For a brief, more technical introduction, jump down to the end of this post. But the super-short version is that linked data is simply lines of standardized HTML code that computers use to link different concepts by their relationships to each other.

If you look at the “knowledge panel” in a Google result, you’ll often see information about a subject from many sources. That “info card” is populated with linked data from many other sites (including direct links to library resources, using information from WorldCat). Other related linked data sources, including VIAF, Wikidata, and DBpedia, are already being used to connect services and create new applications.

As more related linked data comes online, we’ll see more opportunities for additional library-focused applications. By breaking up the valuable, library-focused data locked in MARC records and publishing it using URIs (Uniform Resource Identifiers), library staff will be able to provide greater context for information and build rich connections across library resources, their communities, and beyond.

How is linked data different? Is it better?

Traditional, fixed data formats—like MARC records—have two major limitations. It’s hard to get useful data from other, nonlibrary sources into library workflows and it’s hard for potential users of library information to get MARC data into their workflows.

The first is a challenge because, as we know, there are many sources of information to help improve the discovery and use of library materials. That could be across campus—in another department or system that is more heavily used by students and researchers—or from experts around the world. The second is a lost opportunity, because library metadata is created by cataloging workers (at libraries and OCLC) who are among the most talented data specialists in the world. Many other industries and areas could benefit from the work they do.

Linked data helps address both challenges. For example, OCLC works with organizations like Google to insert library linked data into their services. These efforts make library materials more visible in places where people search online. And there are opportunities for partners to help do the same in reverse, getting their information into systems and services where library workers and users can connect. For example, linked data makes connecting works across languages much easier, meaning that publishers can direct inquiries in one language to materials available in others.

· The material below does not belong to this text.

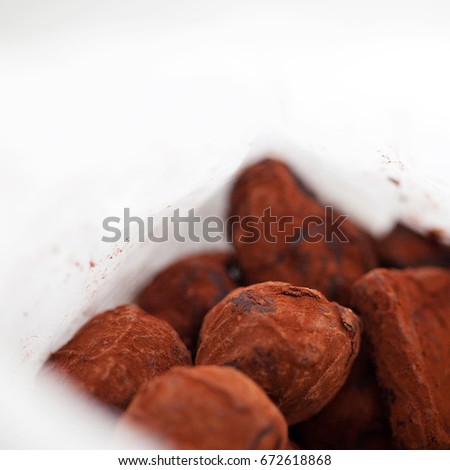 Hand made truffles in a white paper package, selective focus,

In both cases, it helps connect library work to the wider web, promoting libraries while improving efficiency.

What about MARC?

If we look at the history of metadata, there’s a consistent record of libraries moving to systems and services that let more people interact with it in more ways.

  • Closed stacks were the ultimate data filter. When users had to ask library staff to fetch resources from a closed room, there was no chance for direct interaction.
  • Shelf browsing, using systems like Dewey and LCC (Library of Congress Classification), allowed users to interact with metadata themselves, making their own choices. Library workers moved from the position of data gatekeepers to being guides, educators, and advocates.
  • Centralized databases, such as WorldCat, connected library catalogs for cooperative record creation and improvement, as well as new discovery and resource sharing options within library-based services.
  • Online access to library databases, in places like WorldCat.org, meant that anyone with access to a web browser could find and use library metadata online. Early OCLC partnerships also meant that library data could—with some additional work—be shared in other online resources.

Linked data is the next step in this evolution. Until now, everything we’ve done was primarily to make library metadata more accessible to people. Now we’re putting library data out there in a way that’s more accessible to today’s online services, programs, machine learning systems, and artificial intelligence (AI) applications.

MARC will be with us for the foreseeable future. After all, it took nearly 50 years for many libraries to fully make the transition from printed cards to online cataloging. Our plan is to continue to support MARC-based functions while actively building powerful library linked data tools and resources.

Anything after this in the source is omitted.